Regarding the += example:

  • If it is clear that state.x is a Some at this point, it is worth considering why it is an option in the first place. Well, it may be the case that /in general it may happen to be None, but in this particular line we know it’s a Some/. But then:
    • If it is because it has been certainly set as a Some in the very same call, then it’s a better idea to construct the final value beforehand and put it to the state as Some when it’s fully ready. Ideally you would have max one put per state field per call.
    • If it’s because you assume that this happened after some other call which had set it to Some, then in fact you don’t know it’s a Some and it’s good that Sophia forces you to consider it, or at least explicitly admit that you don’t care.

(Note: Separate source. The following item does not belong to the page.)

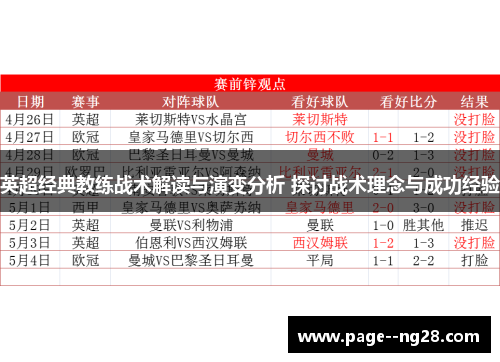 英超经典教练战术解读与演变分析 探讨战术理念与成功经验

Alternatively you can use Option.force_msg at the beginning of the entrypoint to extract the value and then work with it as an unpacked int.
  • If it is not clear that state.x is a Some then refer to above.

Also, there is Option.map which you may find useful for doing “x+=y” safely:

put(state{ 
  x @ xo = Option.map(xo, (v) => v+y) 
}) 

We want Sophia to be primarily safe, and after that convenient. We would rather keep it a bit annoying than surprising or ambiguous. As Hans pointed out, it’s not a general-purpose language. Personally I am a fan of rich syntaxes and moving repetitive abstractions away, but here I stand for predictability, stability and explicitness. In fact, many inconveniences can be eliminated by sticking to the functional paradigm. Sophia is not and shall never be imperative, thus it should not be disappointing that using it like an imperative language comes out clunky.

Commeny/docs

100% agree and we are planning to fix it. We will add normal docstrings and feature to generate documentation. We will also revisit the language documentation. For that it would be super helpful to know what exactly is considered unclear - it is mostly all clear to us, which makes it hard to keep it informative for newcomers.

Final

Thank you a lot for the feedback. Knowing what bothers users is always very useful and so appreciated, even when we don’t agree on what exact solutions are to be taken. We are working now on a major refactor and we hope to improve the experience by a lot.